The same left-wing organizers of the Women’s March promoted and helped produce the National School Walkout on Wednesday as a response to the 17 people killed last month when a former student with a long history of mental health issues went on a shooting spree at a high school in Parkland, Florida.
The plan was for middle and high school students across the country to walk out of school for 17 minutes to pay respect for those who lost their lives at Marjory Stoneman Douglas High School.
But in the District of Columbia hundreds of students with little or no adult supervision traveled to the White House and the Capitol to protest what they and their allies refer to as “gun violence.”
Dozens of students from Montgomery Blair High School snarled morning-commute traffic as they walked from campus to the Silver Spring Metro station on Wednesday morning.

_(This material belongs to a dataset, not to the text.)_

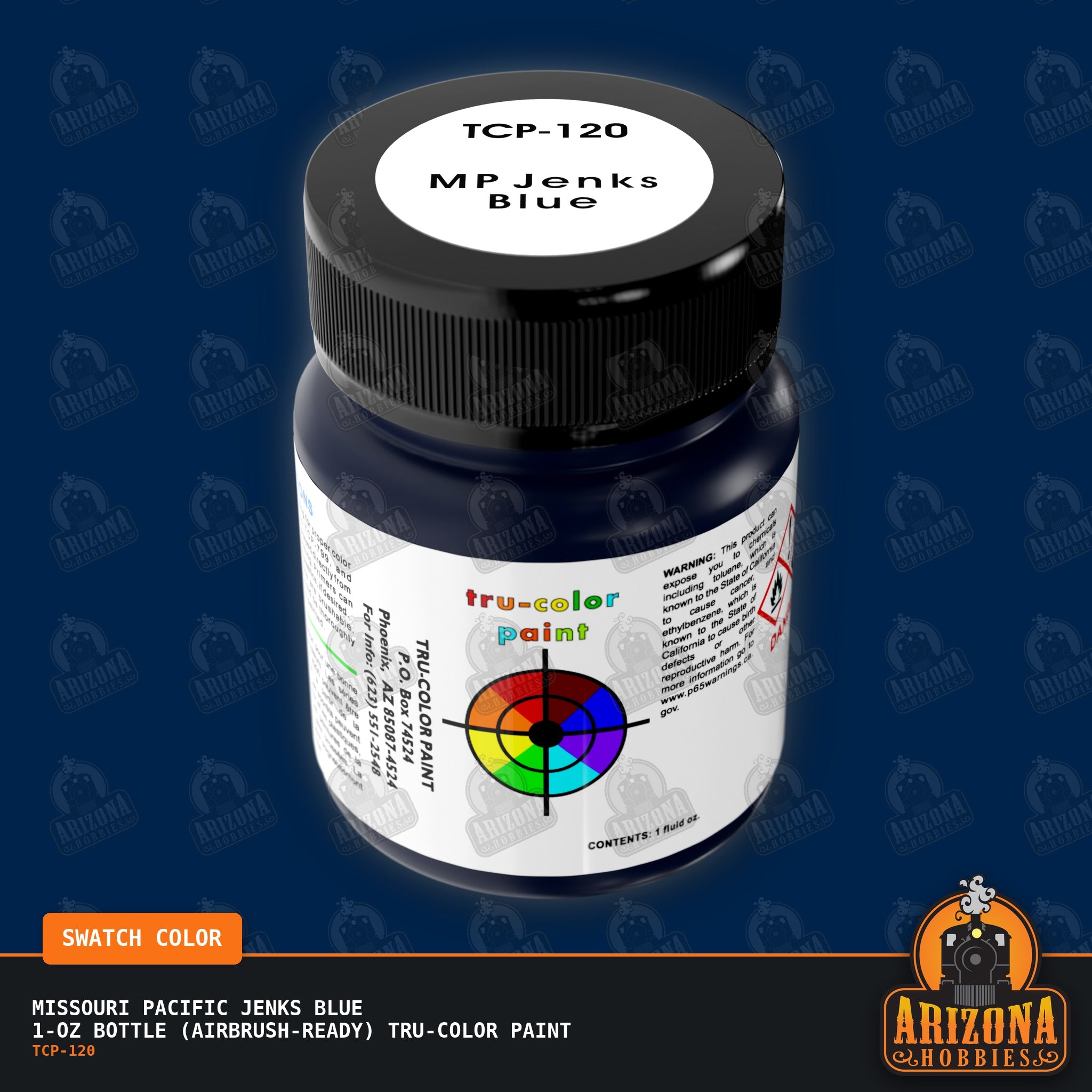 Missouri Pacific JENKS BLUE 1-oz bottle (Airbrush-ready) Tru-Color Paint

They arrived at the Capitol bearing lewd signs that read “F*ck the NRA” and chanting “Hey Hey Ho Ho the NRA has got to go” and “Hey Hey, Ho Ho, gun violence has got to go.”
Some Democratic lawmakers showed up at the protest, including Sen. Ron Wyden (D-OR) who posed for videos and photos with Oregon youth that had traveled to D.C. to take part.
Aside from chanting—“Hey hey NRA killing kids is not okay” and “What do we want? Gun Control. When do We Want it? Now”—the crowd was not unruly until Sen. Bernie Sanders (I-VT) came into view on the west steps of the Capitol. That’s when the hundreds of protesters surged forward and leveled the temporary fencing installed by police to contain the crowd.
The U.S. Capitol Police did not try to stop the crowd but did keep the protesters from crawling over the cement border wall that surrounds the Capitol.
The Washington Post reported on the protest outside of the White House:
Just before 10 a.m. the crowd fell silent and sat with fists and signs held high. They sat in silence for 17 minutes on Pennsylvania Avenue with their backs to the White House.
As the silence was broken at 10:17, the crowd began chanting “We want change!” Later, they marched to the Capitol, where they heard from lawmakers.
One of those was Rep. Luis Gutierrez (D-IL) who praised the protesters as “the future.”
“I look at the crowd, and I see the future, and I see you, and I came here to say thank you,” Gutierrez said. “Because I know you will accomplish what I and others have failed to do.”
Gutierrez led the crowd in a Spanish “yes we can” chant.
“Si se puede!” the crowd chanted.
The way that schools handled the walkout varied across the region, with many schools allowing students to gather in a “safe space” on campus for 17 minutes. At other schools, students that left campus could be counted as absent or face detention, the local NBC affiliate reported.